Researchers Chantelle Terrillion, Ph.D., Instructor in Neuroscience, and Anupama Kumar, MBBS, Research Associate in Psychiatry and primary investigator on the study, will present findings from preclinical studies on the role of Supera-CBD. Early findings revealed Supera-CBD’s potent anxiolytic properties. The data being presented at the conference also demonstrate that Supera-CBD binds to CB2 with almost four-times the affinity of CBD. Other research has shown that binding to CB2 potentially mediates a number of the therapeutic effects of CBD, including its anxiolytic, antinociceptive, anticonvulsant, antipsychotic, neuroprotective and anti-inflammatory effects.

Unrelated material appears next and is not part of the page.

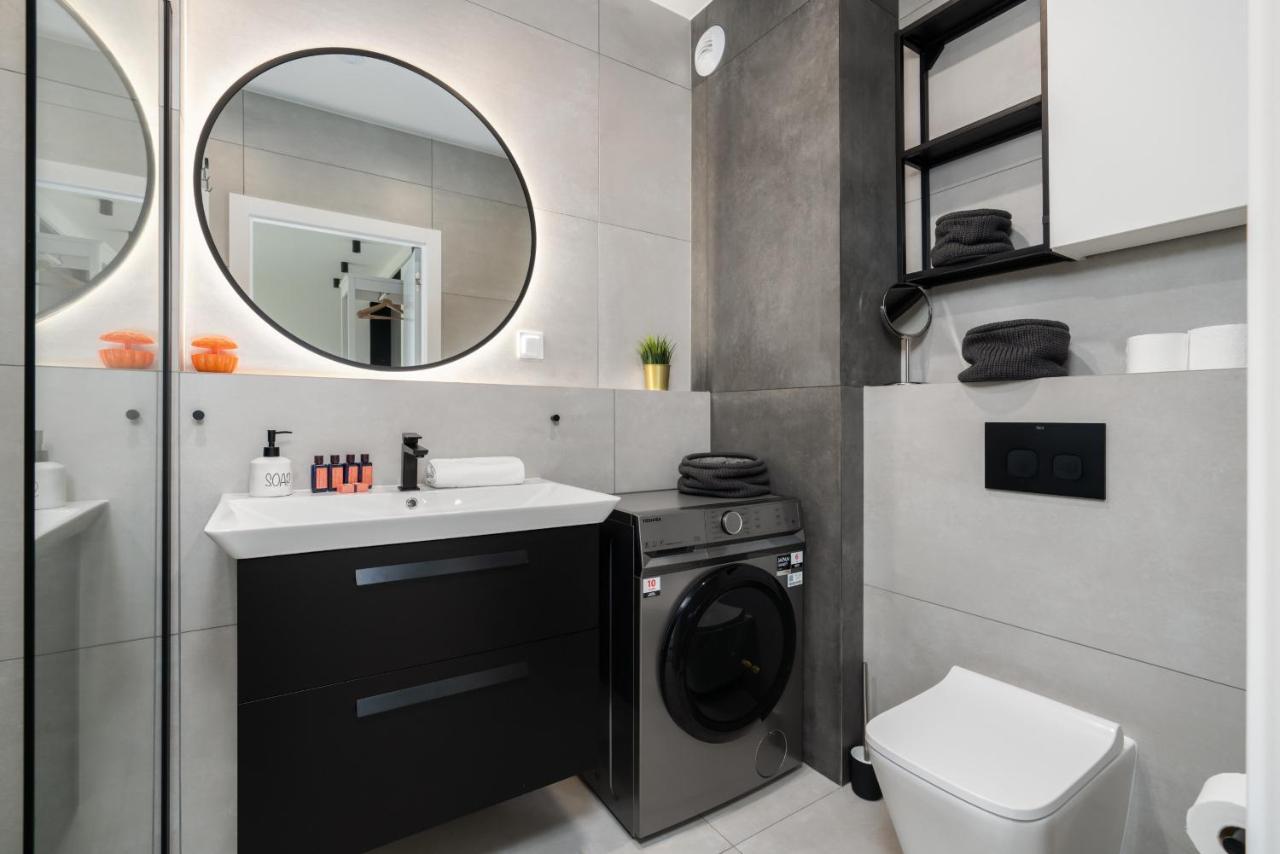 Stara Cegielnia Lake View Apartment By Renters Prestige Poznan Luaran gambar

Details of the poster presentation are as follows:
Title: Supera-CBD: A Novel CBD Derived Drug Candidate
Abstract Number: 1858
Date and Time: April 28, 2021 at 4:15 p.m. ET.

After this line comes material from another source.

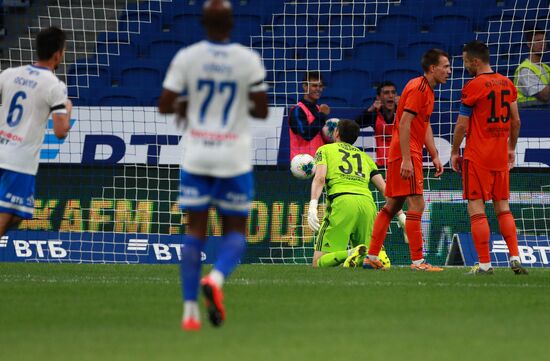 Футбол. РПЛ. Матч "Динамо" - "Урал"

Access to Poster: The poster will be available at the conference website’s media library as well as on MyMD.com/pipeline/supera-cbdafter the time noted above.

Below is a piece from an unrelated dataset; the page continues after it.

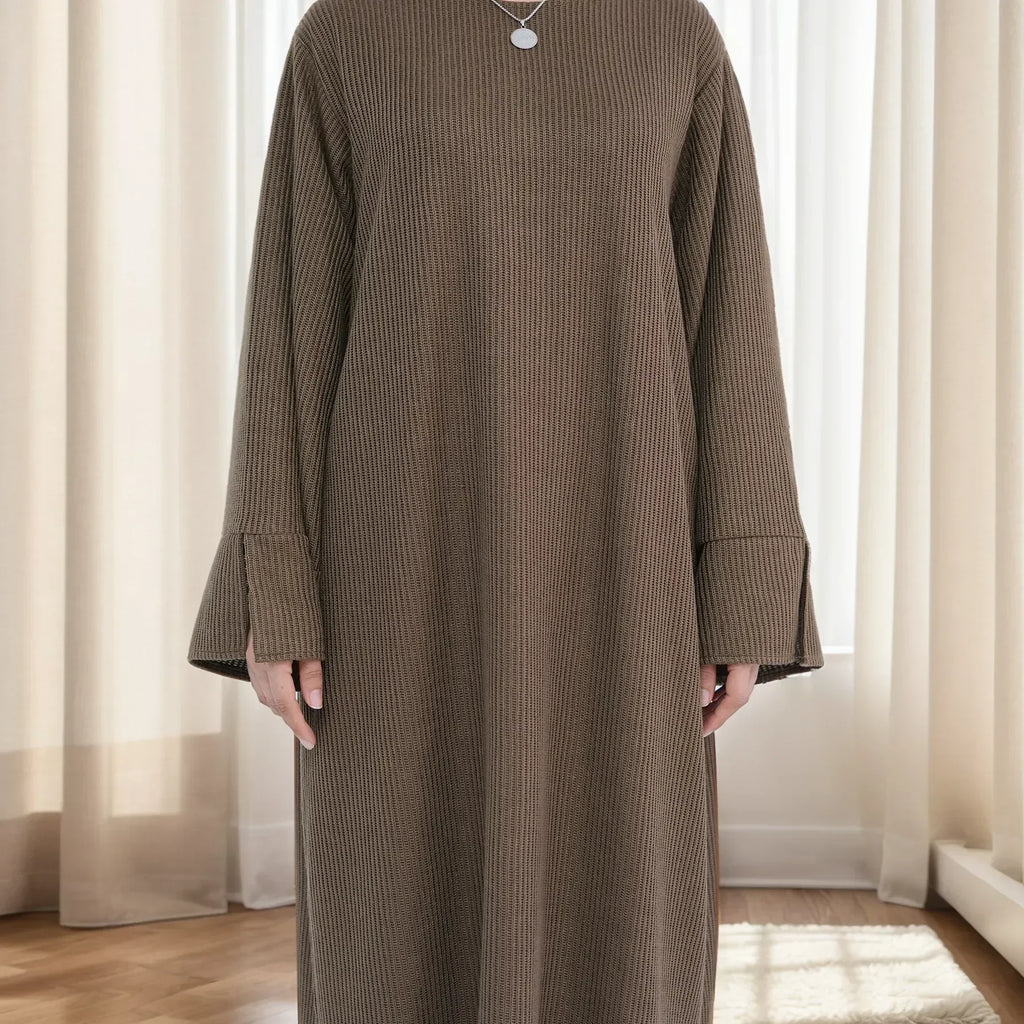 Abaya Maxi Robe d'Hiver Douillette – Modèle Tricoté Fermé pour Femmes Voilées | LM075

Big pharma player on board. Form 4 filing by Craig Eagle. He had 1,250,000 pre-merger options for private MYMD shares, now for 482,372 sh of public MYMD at $2.59/sh. "Dr. Craig Eagle, MD, is Head of BioOncology for US Medical Affairs at Genentech. Dr. Eagle has a wealth of oncology experience. He joined Pfizer Australia in 2001 as part of the medical group. In Australia, his role involved leading and participating in scientific research, regulatory and pricing & reimbursement negotiations for compounds in therapeutic areas including oncology, anti-infectives, respiratory, arthritis and pain management. In 2003, Dr. Eagle led the worldwide development of Celecoxib in oncology to oversee the global research program. He was responsible for the global research plans and teams for Irinotecan and Dalteparin. He served as Head of the Oncology Therapeutic Area Global Medical Group for Pfizer, including the US oncology business. Dr. Eagle also led the integration of the Pfizer/Wyeth oncology businesses and portfolio. Over his 17 years with Pfizer, he held several roles, including Head of the Global Medical Affairs Oncology and Outcomes Research organization, managing an international group of medical directors and researchers involved in all phases of clinical studies and outcomes research. He then transitioned into a role as VP of Global Oncology Strategic Alliances & Partnerships, serving on the Global Oncology Business’s executive leadership team. He attended Medical School at the University of New South Wales, Sydney, Australia and received his general internist training at Royal North Shore Hospital in Sydney. He completed his hemato-oncology and laboratory hematology training at Royal Prince Alfred Hospital in Sydney, and was granted Fellowship in the Royal Australasian College of Physicians (FRACP) and the Royal College of Pathologists Australasia (FRCPA). After his training, Dr. Eagle performed basic research at the Royal Prince of Wales hospital to develop a new monoclonal antibody to inhibit platelets."